PROVIDED DATA Block Start

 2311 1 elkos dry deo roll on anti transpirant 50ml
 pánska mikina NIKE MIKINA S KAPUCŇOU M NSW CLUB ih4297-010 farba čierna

PROVIDED DATA Block End
PROVIDED DATA Block Start

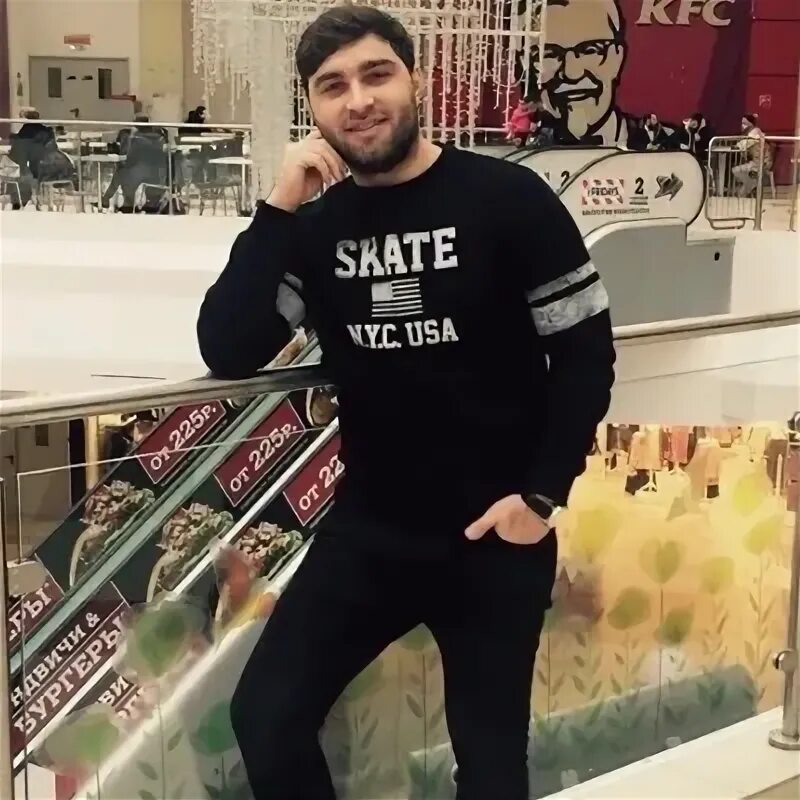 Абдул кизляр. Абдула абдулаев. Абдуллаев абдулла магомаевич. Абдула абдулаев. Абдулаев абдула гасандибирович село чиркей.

PROVIDED DATA Block End

→ **REQUIRED ACTION**
Reproduce the entries above exactly, but only the lines between the line holding "2311 1 elkos" and the line holding "pánska mikina NIKE", inclusive.

→ **ANSWER BELOW**
 2311 1 elkos dry deo roll on anti transpirant 50ml
 pánska mikina NIKE MIKINA S KAPUCŇOU M NSW CLUB ih4297-010 farba čierna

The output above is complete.